Суда прибыли в район военных действий на юге, оказали артиллерийскую поддержку частям армии, которые сражались на берегах Волги, но вынуждены были вместе с этими частями отступить сперва к Камышину, затем дальше вверх на полторы сотни вёрст. К этому времени в боях принимала участие флотилия в несколько десятков судов, колонна её растягивалась на версты, судовая артиллерия насчитывала до ста орудий. После отступления один из отрядов был снова направлен в глубокий тыл противника с заданием громить тыловые части Врангеля. В рейде он высадил несколько мелких десантов военных моряков, вызывая панику среди белых, внезапно обстрелял Камышин и лежащую против города, на левом берегу, Николаевскую слободу, стремясь поколебать приближавшийся к Саратову деникинский фронт.

Операции сопровождались серьёзными потерями. Противник донимал речные силы интенсивными бомбёжками с воздуха.

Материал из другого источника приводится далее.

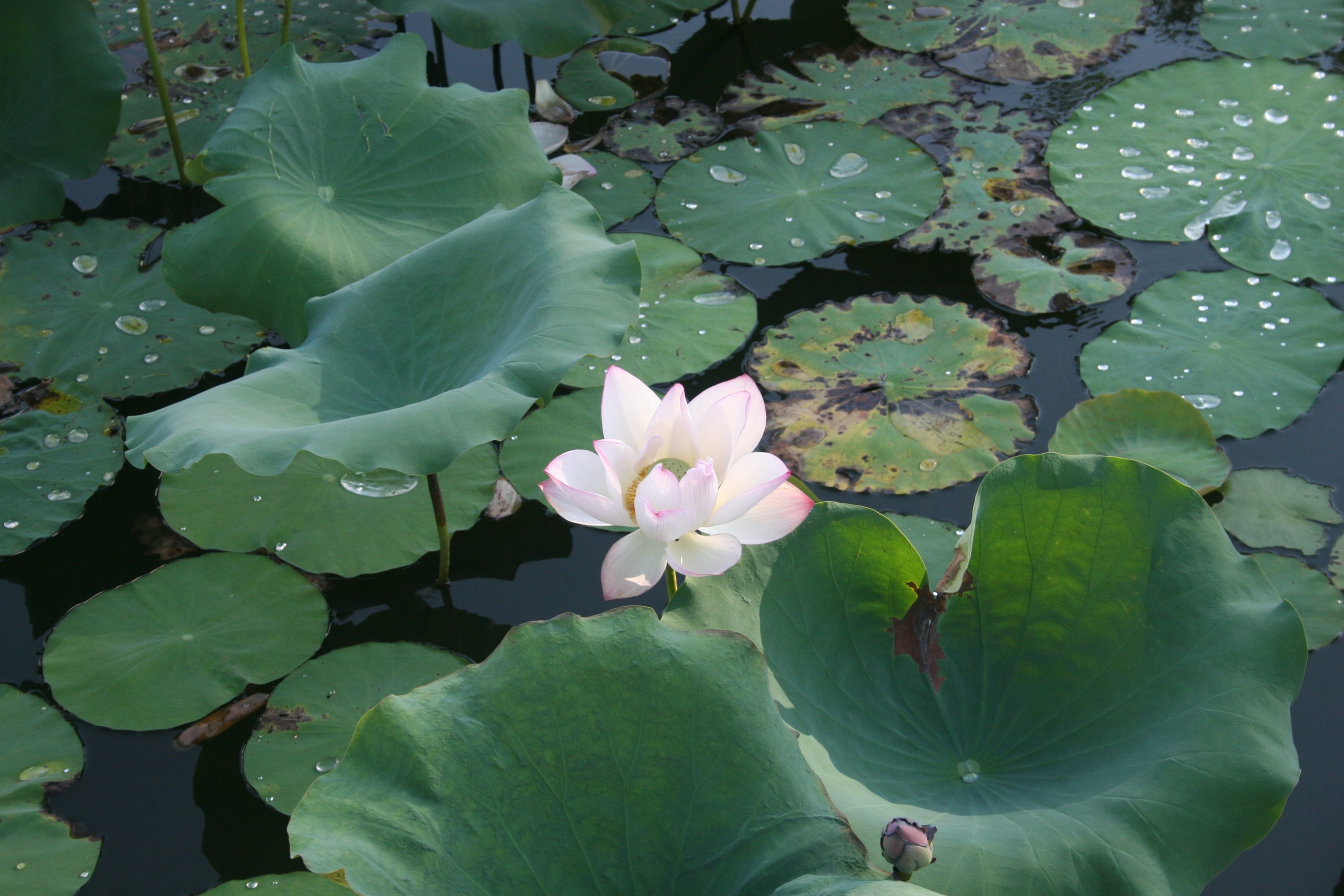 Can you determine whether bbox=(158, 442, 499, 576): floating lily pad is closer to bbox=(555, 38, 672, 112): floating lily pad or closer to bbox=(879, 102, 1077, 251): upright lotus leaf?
bbox=(879, 102, 1077, 251): upright lotus leaf

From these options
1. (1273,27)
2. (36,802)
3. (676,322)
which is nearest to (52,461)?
(36,802)

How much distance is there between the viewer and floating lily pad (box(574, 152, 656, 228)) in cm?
277

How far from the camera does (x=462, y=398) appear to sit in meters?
1.42

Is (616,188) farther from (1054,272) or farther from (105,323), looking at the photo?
(105,323)

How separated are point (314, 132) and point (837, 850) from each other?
194cm

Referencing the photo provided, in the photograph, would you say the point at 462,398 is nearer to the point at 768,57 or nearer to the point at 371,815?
the point at 371,815

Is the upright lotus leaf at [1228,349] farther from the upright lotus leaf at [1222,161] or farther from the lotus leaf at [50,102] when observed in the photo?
the lotus leaf at [50,102]

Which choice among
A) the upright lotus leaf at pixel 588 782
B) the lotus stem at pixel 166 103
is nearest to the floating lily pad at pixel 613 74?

Часть судов должна была стать в ремонт. В ремонте или на перевооружении находились и другие суда, готовившиеся влиться в Северный отряд Волжской военной флотилии, которому предстояло оборонять Саратов от врага. Город принял оттенок морского – с военным портом, черноморскими и балтийскими матросами, с особым флотским режимом, ещё недавно совсем незнакомым мирному волжскому судоходству.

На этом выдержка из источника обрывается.